Begin at the line that has "LT8708EUHG-1#PBF Image", stop after the line that has "کیت دریل پیچگوشتی چکشی شارژی رونیکس 8101K", and print exactly those lines from the records below, without any pictures.

━━━ DATASET RECORDS

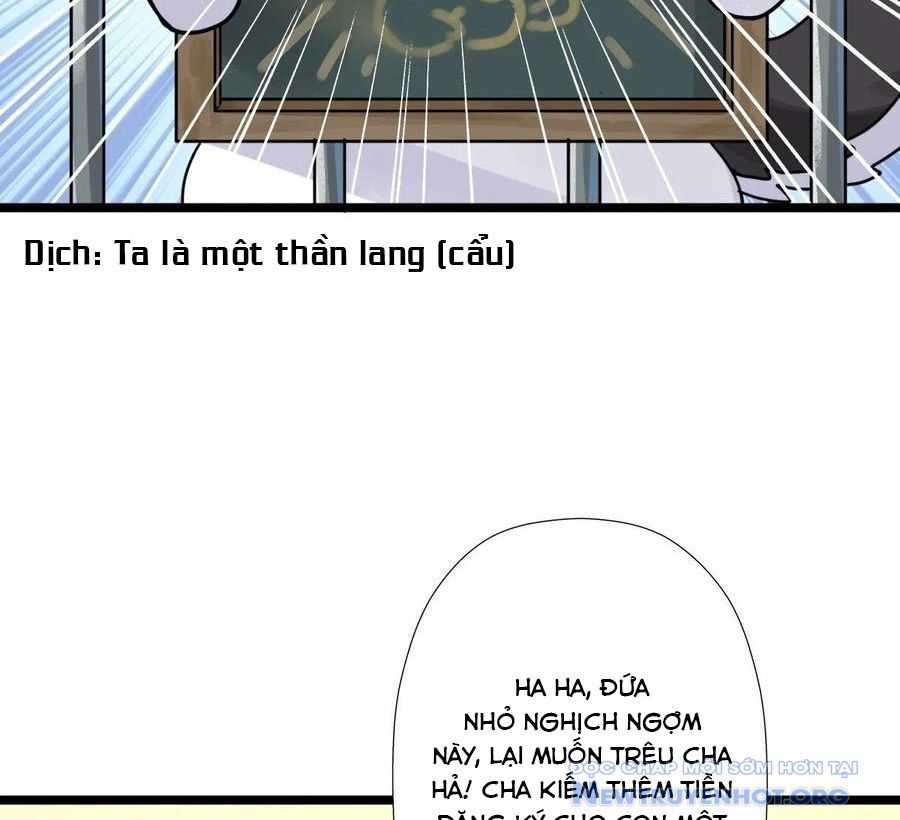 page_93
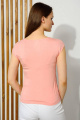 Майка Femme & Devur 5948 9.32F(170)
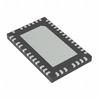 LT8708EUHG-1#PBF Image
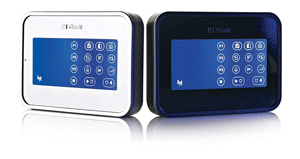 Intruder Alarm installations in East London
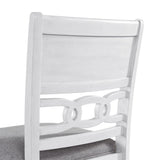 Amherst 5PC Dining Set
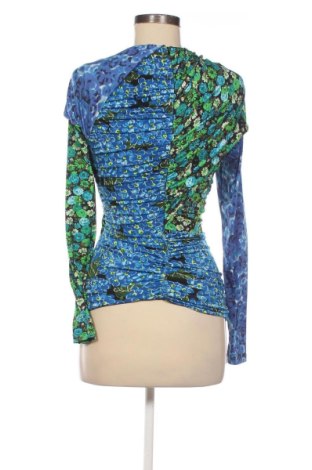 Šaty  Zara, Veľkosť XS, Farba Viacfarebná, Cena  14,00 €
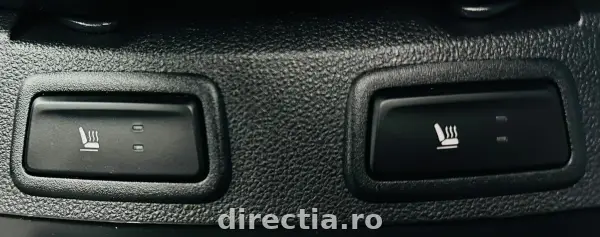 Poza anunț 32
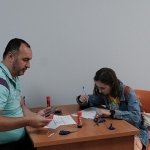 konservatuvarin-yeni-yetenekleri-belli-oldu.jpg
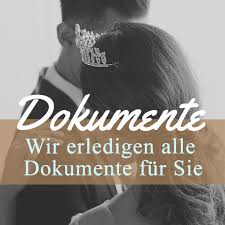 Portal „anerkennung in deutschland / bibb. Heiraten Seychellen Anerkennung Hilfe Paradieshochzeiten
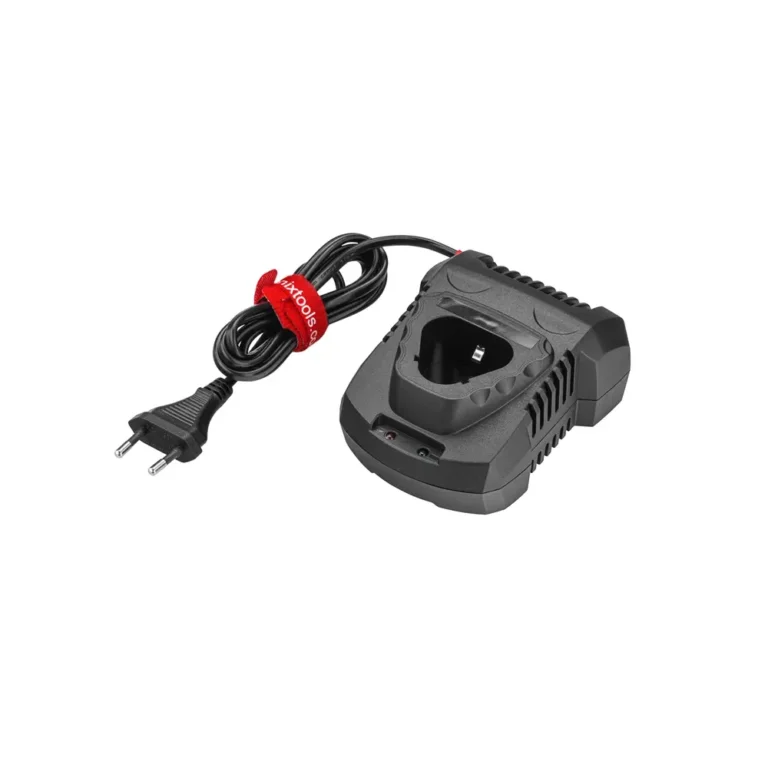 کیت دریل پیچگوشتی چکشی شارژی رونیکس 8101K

━━━━━━
━━━ DATASET RECORDS

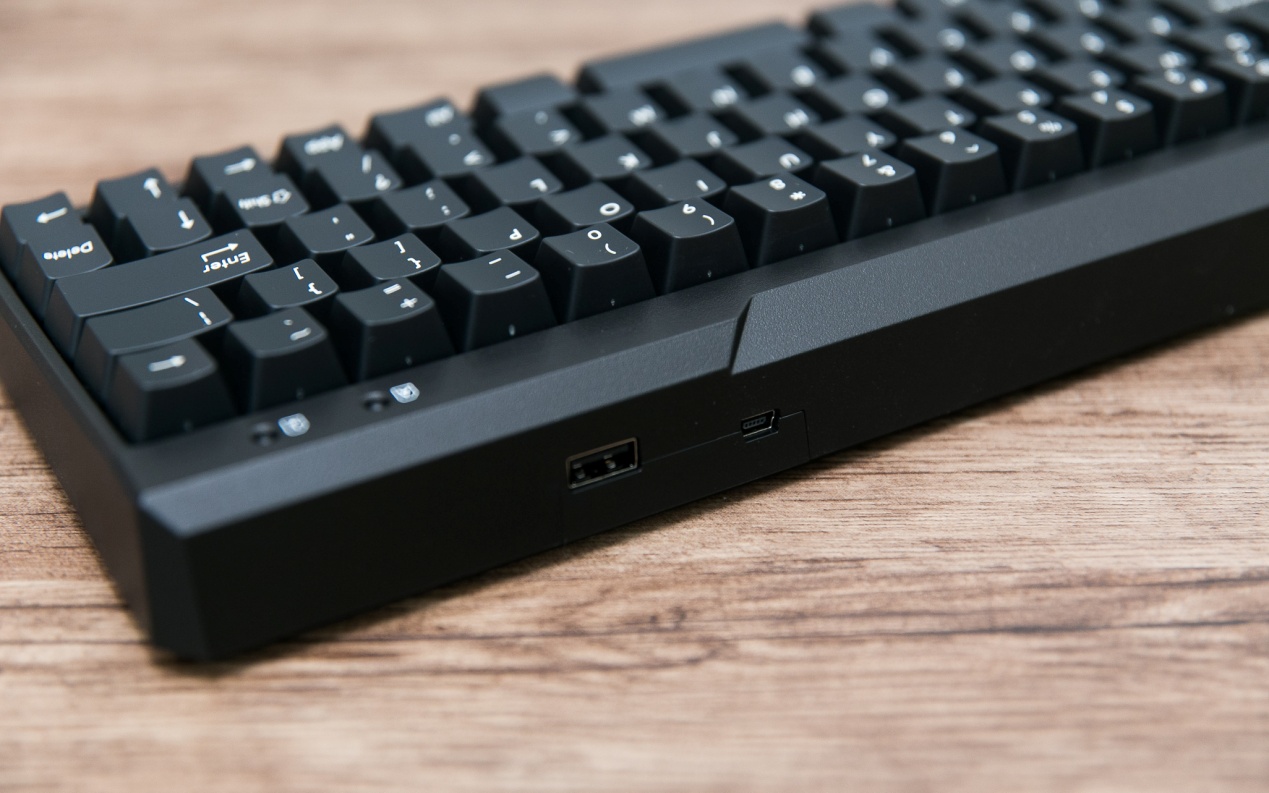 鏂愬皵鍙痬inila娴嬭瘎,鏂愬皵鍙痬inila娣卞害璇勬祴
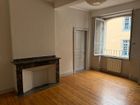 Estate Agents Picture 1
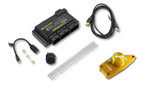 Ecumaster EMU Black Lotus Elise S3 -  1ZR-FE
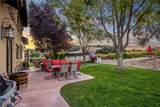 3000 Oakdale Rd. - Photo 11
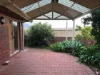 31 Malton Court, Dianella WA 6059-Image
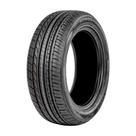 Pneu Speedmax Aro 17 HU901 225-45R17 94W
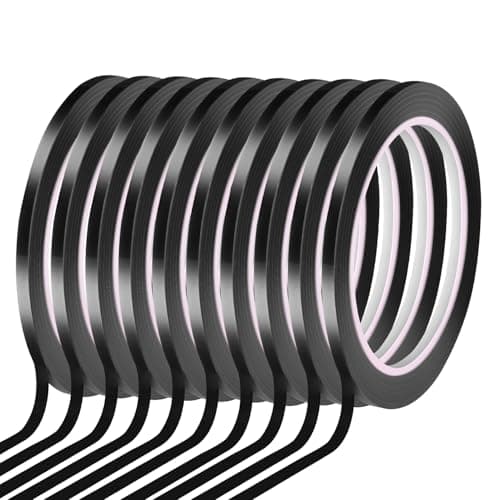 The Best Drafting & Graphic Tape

━━━━━━

REPLY:
 LT8708EUHG-1#PBF Image
 Intruder Alarm installations in East London
 Amherst 5PC Dining Set
 Šaty  Zara, Veľkosť XS, Farba Viacfarebná, Cena  14,00 €
 Poza anunț 32
 konservatuvarin-yeni-yetenekleri-belli-oldu.jpg
 Portal „anerkennung in deutschland / bibb. Heiraten Seychellen Anerkennung Hilfe Paradieshochzeiten
 کیت دریل پیچگوشتی چکشی شارژی رونیکس 8101K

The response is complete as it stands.